Supplied material >>
··········

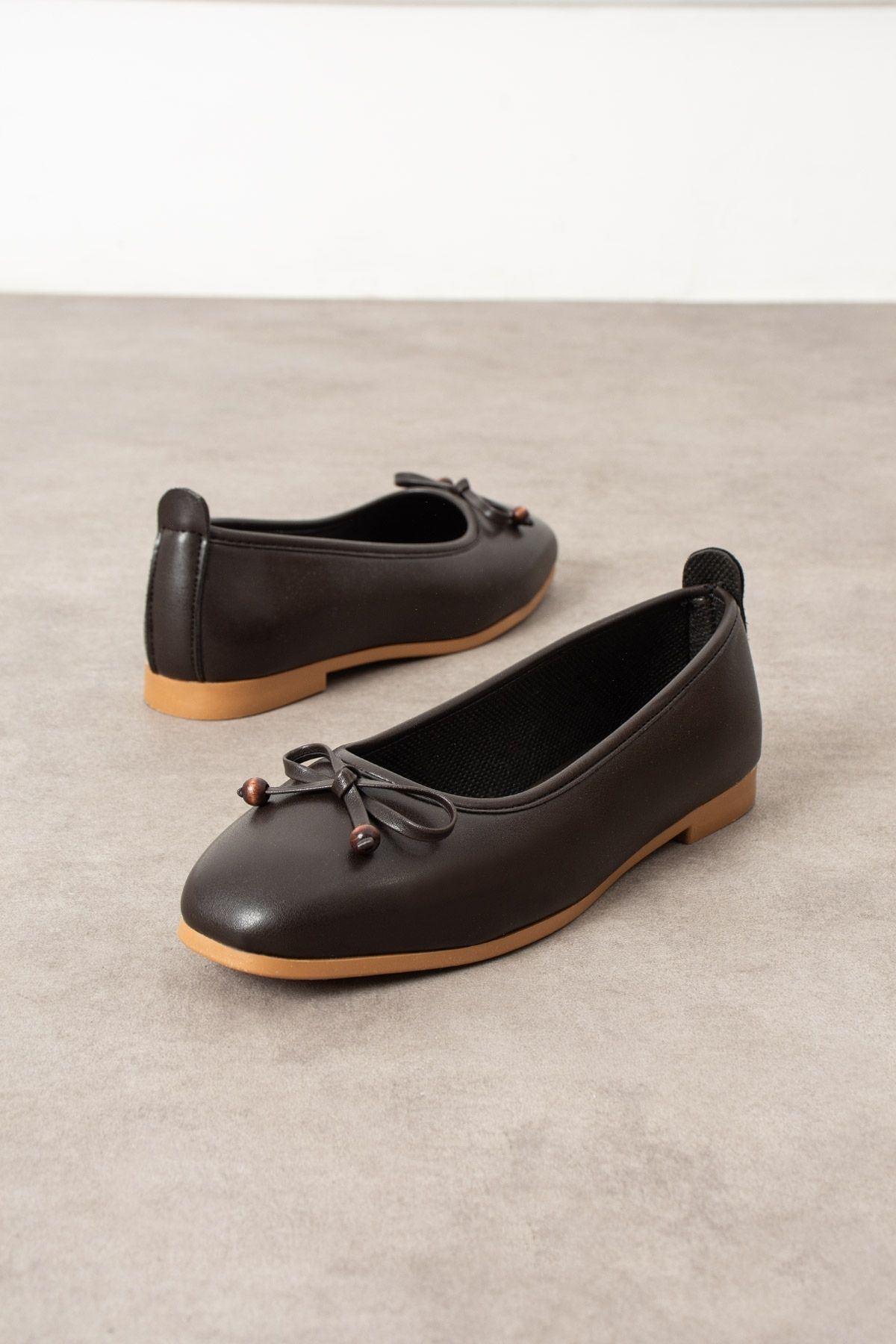 Fiora Kahverengi Cilt Fiyonklu Ahşap Boncuk Detaylı Babet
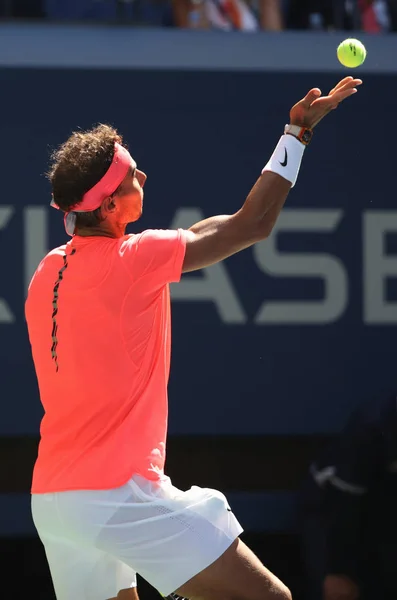 Campione del Grande Slam Rafael Nadal di Spagna in azione durante il suo US Open 2017 turno 4 partita — Foto Stock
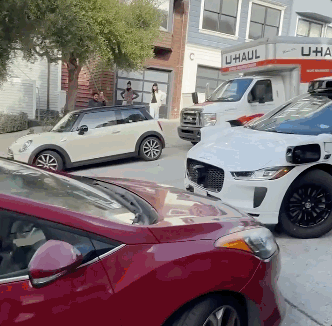 미국 샌프란시스코에서 자율주행 택시 웨이모 3대가 'T자'로 대치하는 장면이 포착됐다. abc뉴스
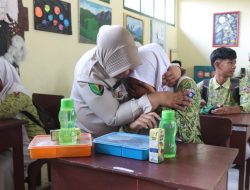 Polres Malang Gelar Simulasi Makan Bergizi di MTs Al Khalifah, Siswi Kelas VII Menangis Karena Alasan Ini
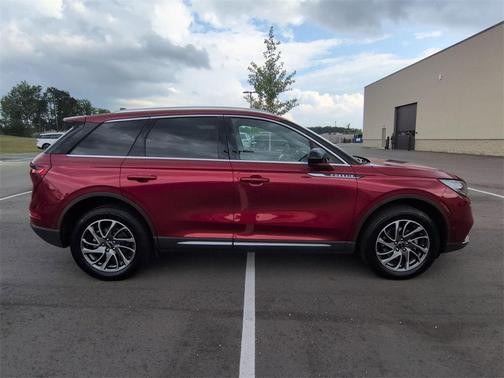 2022 Lincoln Corsair Standard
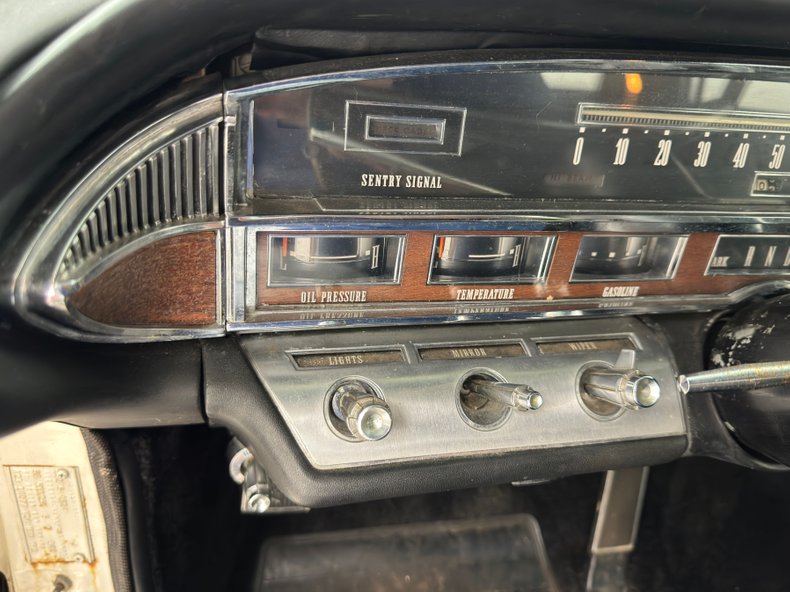 Chrysler-Imperial-1965-Persian-White-Black-43
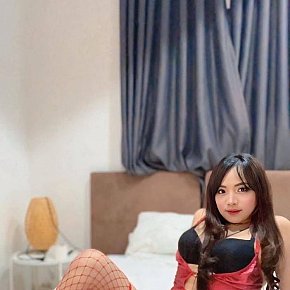 Candy escort in Mumbai offers Girlfriend Experience (GFE) services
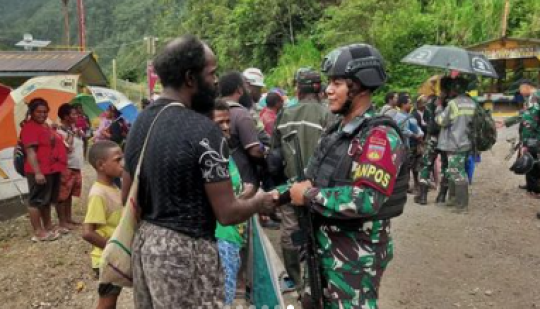 Momen Prajurit TNI Pamitan ke Warga di Lokasi Tugas, Diiringi Tangis & Peluk Haru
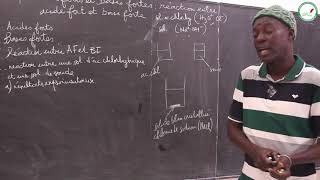 Cours  Terminale S  Physique  Chimie  Acides forts et bases fortes réaction entre acides  S 4 [upl. by Ahseinaj230]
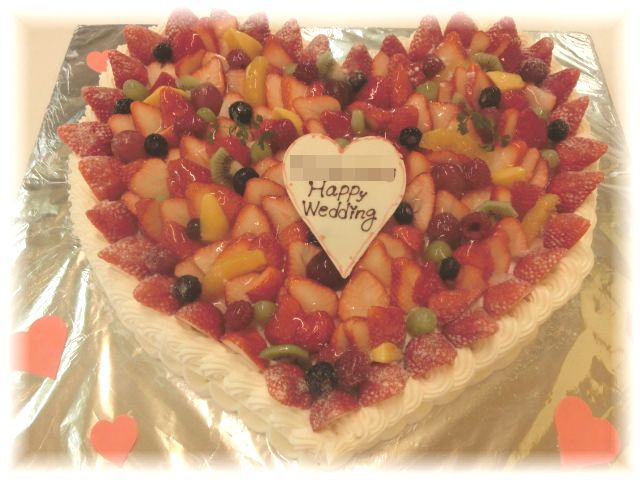 ２０１４ 年４月のご注文です。40名様用の大きなハートのケーキにフルーツいっぱい飾りました！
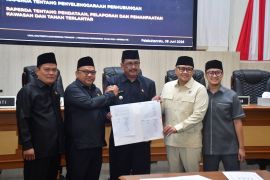 DPRD dan Pemkab Sukabumi sepakati dua raperda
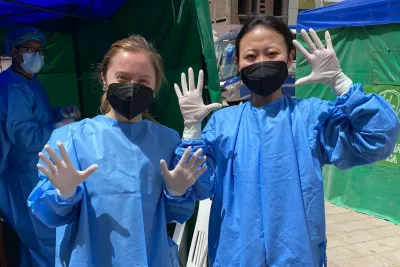 global-mission-peru-two-volunteers-800x800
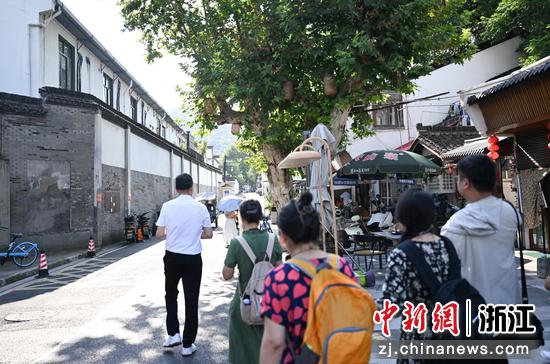 图为：寻踪团在馒头山社区参观。中新社记者 王刚 摄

··········

Directions >> All lines from the one containing "２０１４ 年４月のご注文です" to the last line of the records above, and no others, should be returned unchanged, without pictures.

Output >>
 ２０１４ 年４月のご注文です。40名様用の大きなハートのケーキにフルーツいっぱい飾りました！
 DPRD dan Pemkab Sukabumi sepakati dua raperda
 global-mission-peru-two-volunteers-800x800
 图为：寻踪团在馒头山社区参观。中新社记者 王刚 摄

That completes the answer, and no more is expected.